George Gissing, well worth reading though a now rather overlooked 19th-century writer, published a study of Dickens in 1898. Gissing, a man of socialist leanings, admired Dickens, and in his opening chapter he sketches the economic transformation that began to turn England into an industrial power in the early 19th century, one that bred a larger population and a larger class of poor and indeed impoverished people and resulted in, for instance, the employment of children as young as five or six in coal mines. Gissing would like to make Dickens a champion of reforms with novels that pointed out the "stupidity and heartlessness" of the age. Orwell, however, points out in his essay on Dickens that, while Dickens condemned a "gifted child working in a factory" (David Copperfield), he nowhere writes that no child should work in a factory 10 hours a day."

For Orwell, Dickens is a "radical," in the sense that he is instinctively against "the system," but with no practical solutions for improvement; he only has a perception that "something is wrong" with society. Dickens' idea of progress, according to Orwell, is moral in nature: Dickens does not suggest socialism. He does not want for workers to be rebellious, but for capitalists to be kind. He seemed to be reaching for what Orwell called "an idealized version of the existing thing."

This feeling that "something is wrong" with the world as it is can also be heard in the 18th century among the philosophes and other enlightened minds, as I mentioned in my recent postings on Franco Venturi's Utopia and Reform. In the 18th century there was a steady and increasing chorus of vociferations against "the rich" and "the powerful," coupled with denunciations of the treatment of "the poor" and otherwise disadvantaged. I can't help thinking that in the course of the transition to the 19th century, the attacks on the well-off became a kind of trope, what Venturi refers to as one of those "mental forms which, once they are fixed and shaped, will never yield without long and difficult trials and struggles." He is writing here of the expansion of the traditional utopia in the Enlightenment to the determination to create paradise on earth, in other words, the passage to the communist ideal. This determination is always accompanied by something like loathing for "what is." Gissing writes, for instance, of the mid-19th century: "A time of ugliness: ugly religion, ugly law, ugly relations between rich and poor, ugly clothes, ugly furniture." Social progress, as envisioned by reformers like Gissing, is always accompanied by hatred or repugnance for what went before.

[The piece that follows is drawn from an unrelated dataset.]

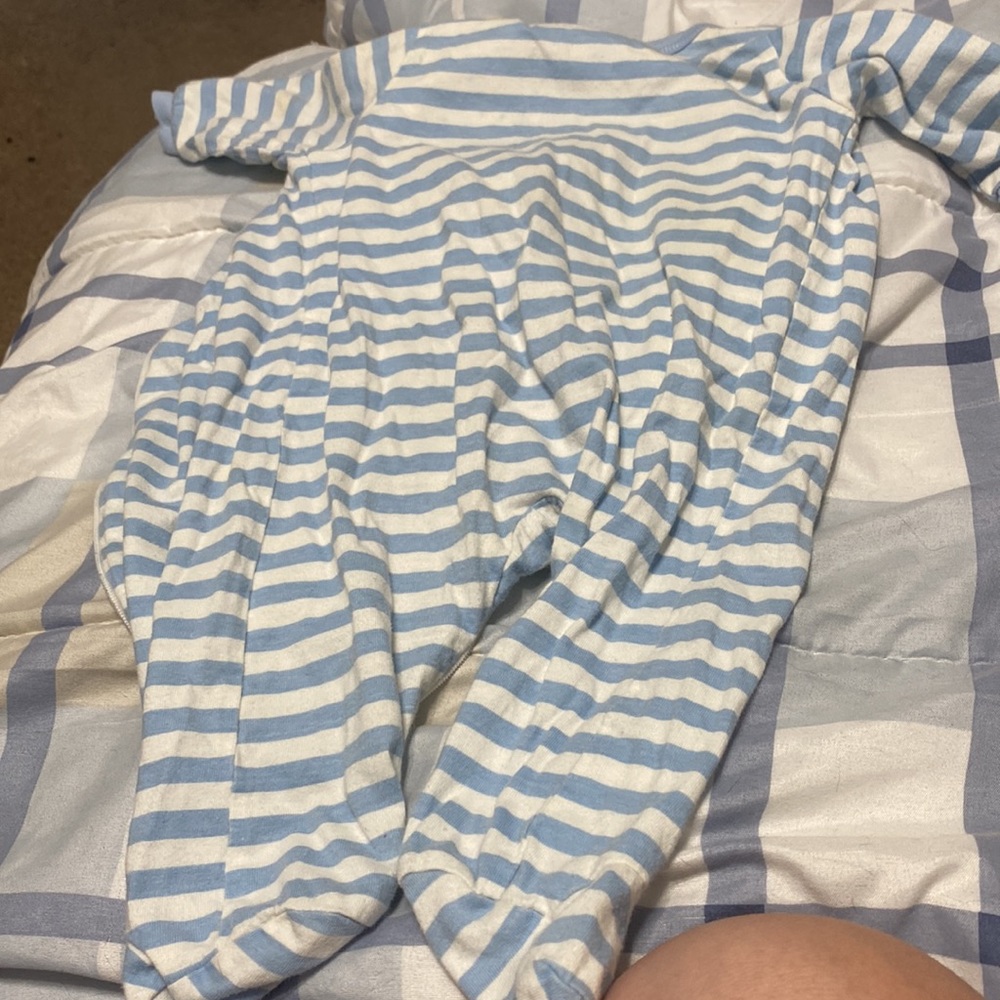 Stripped pjs - Picture 2 of 2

Of course, one only lives when one lives, and it is hard to get a handle on whether a preceding age was as abominable as it is portrayed post hoc facto. I think Dickens remains a powerful and important writer because, through his very inventiveness and vibrant imagination, he "fixed and shaped" (in Venturi's words) a view of the Victorian age that allows later ages to believe that they have "morally progressed." It is only anecdotally that we are able to cite progress, and I have not yet seen the attempt by any statistician to quantify progress as such; the variables would be too numerous. My own feeling is that, even in the worst of times, people find ways to be comfortable, if not happy. Thus, another reason why Dickens remains an important writer. According to G.K. Chesterton (in his study of Dickens), Dickens "knew well that the greatest happiness that has been known since Eden is the happiness of the unhappy. ... Nothing that has ever been written about human delights, no Earthly Paradise, no Utopia has ever come so near the quick nerve of happiness as his descriptions of the rare extravagances of the poor." One only has to think of the Cratchits at their Christmas feast. (A Christmas Carol, by the way, is the one book by Dickens that I read once a year.)

Maybe someone can instruct me on this, but wasn't it Nietzsche who was the first to critique that mental form that denounces the rich and idealizes the poor?